Did I mention the power has gone out so I’m lying here in the 90 degree heat without so much as a fan? I wonder how long it generally takes a human being to sweat to death. If I’m still alive when the power comes back on, I’ll Google it.
I muster up the energy to check my trusty Lonely Planet for the location of the nearest reputable medical facility. It appears to be about a 45 minute tuktuk ride away. Through madhouse Colombo traffic in the sweltering heat. That sounds even less appealing than death, so I don’t bother to get up.
Learn From My Mistakes
Here’s how you can be a little smarter on your travels than I generally am:
- If you’re traveling to a place with a known air quality problem, bring a scarf or bandanna to cover your mouth and nose when necessary. Even if, for some reason, you don’t like poking around old cemeteries.

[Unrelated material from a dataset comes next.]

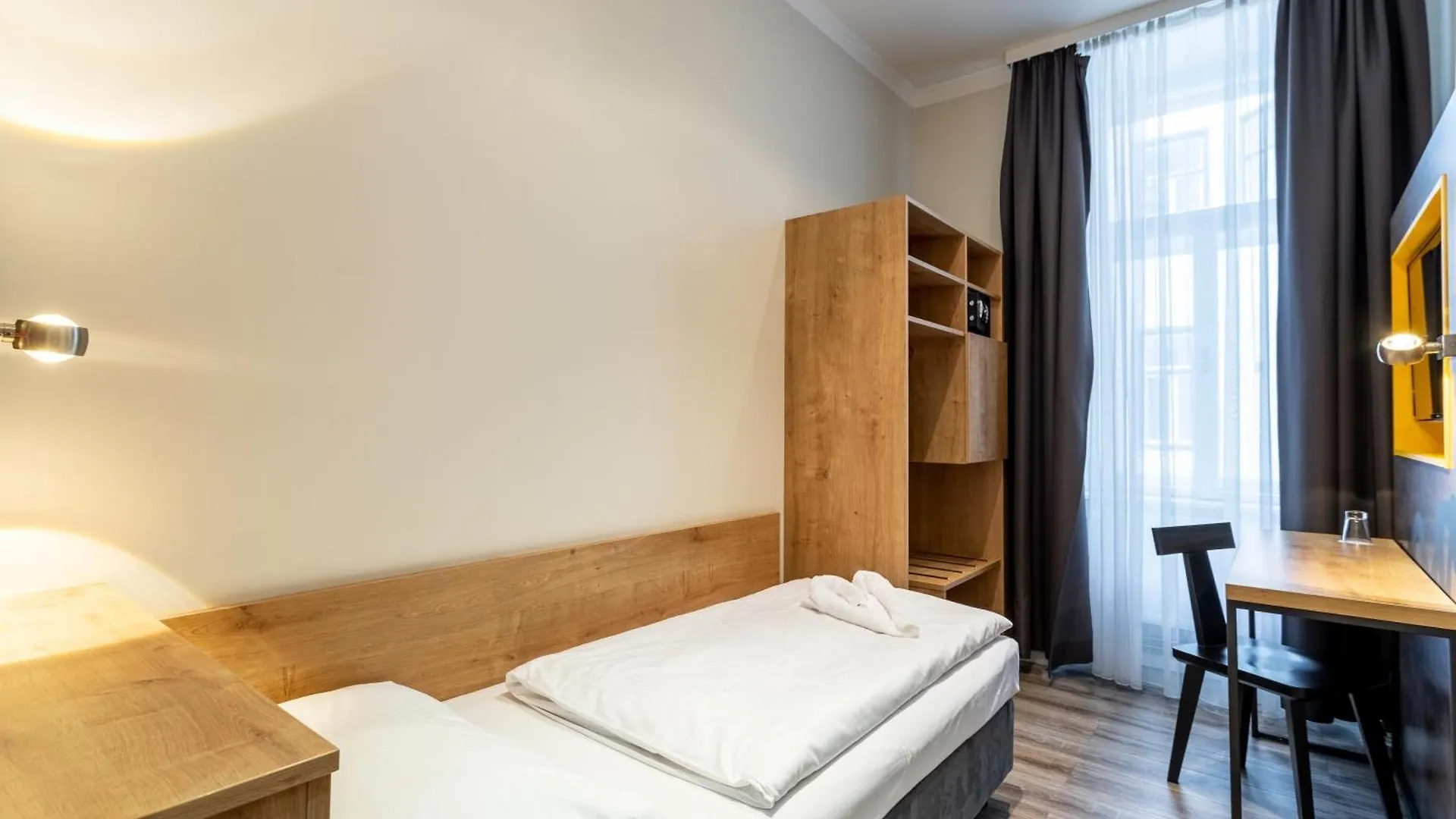 Hotel Westbahn Viyana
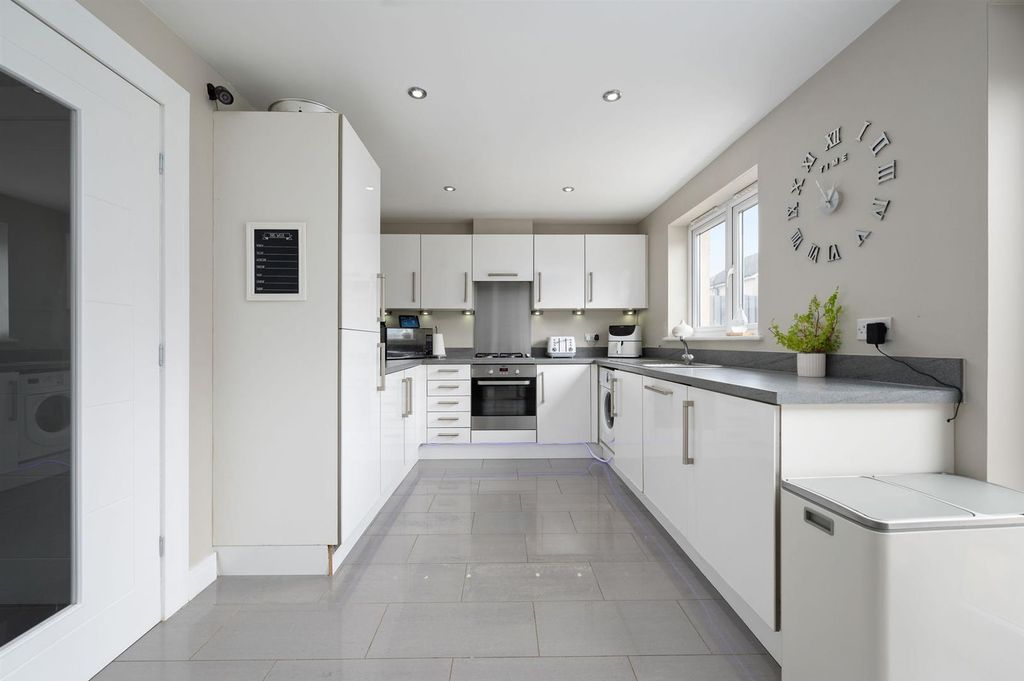 Property photo 3 of 39 6.Jpg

- Have a well-stocked first aid kit, especially if you’re traveling alone and you don’t have anyone to go and fetch you supplies. I’d kill for a few throat lozenges right now. From now on I’m just going to assume I’ll be getting the plague at every destination and pack accordingly.
- Yes, that lovely Airbnb apartment in a leafy suburb looks very appealing, but how far will you be from the nearest medical services in a worst case scenario? This may not be a huge concern in the developed world, but if you’re traveling off the beaten path, you could find yourself a long way from adequate medical facilities.
- Keep some flexibility in your schedule in case illness does strike and cause you to have to rearrange some plans. Out of 8 days in Colombo, I have two that I purposely left wide open. This would have been more than sufficient if I had only been sick for two days. As it turns out, I’m sick for the rest of my time in Colombo and I end up missing nearly everything on my list. Including the once-a-year Vesak Poya celebrations. I’m still a little bitter about that, to be honest.
- Know the generic names for any kinds of prescription medicine you think you might need on the road, but keep in mind that you might not be able to get what you’re used to at home. I desperately want some NyQuil to knock myself out and stop my persistent cough, but discover it was outlawed in Sri Lanka several years ago. I end up dragging myself to a pharmacy and explaining my miserable condition to the pharmacist, who gives me a packet of pills wrapped in white notebook paper with a few handwritten words of instruction. I don’t realize until later that it’s nothing but generic Claritin. Pharmacies are plentiful and very inexpensive here, but you need to know what you’re looking for.
- Last, and most importantly: don’t be as stubborn as I am. Seek real medical treatment when you need it. Preferably before you find yourself coughing up blood in an Airbnb and deciding you should just pack up your belongings to make it easier for the homeowner when you die. (Spoiler alert: I survived, barely. But I was sick for nearly two weeks and it really put a damper on the first part of my trip. Don’t let that happen to you!)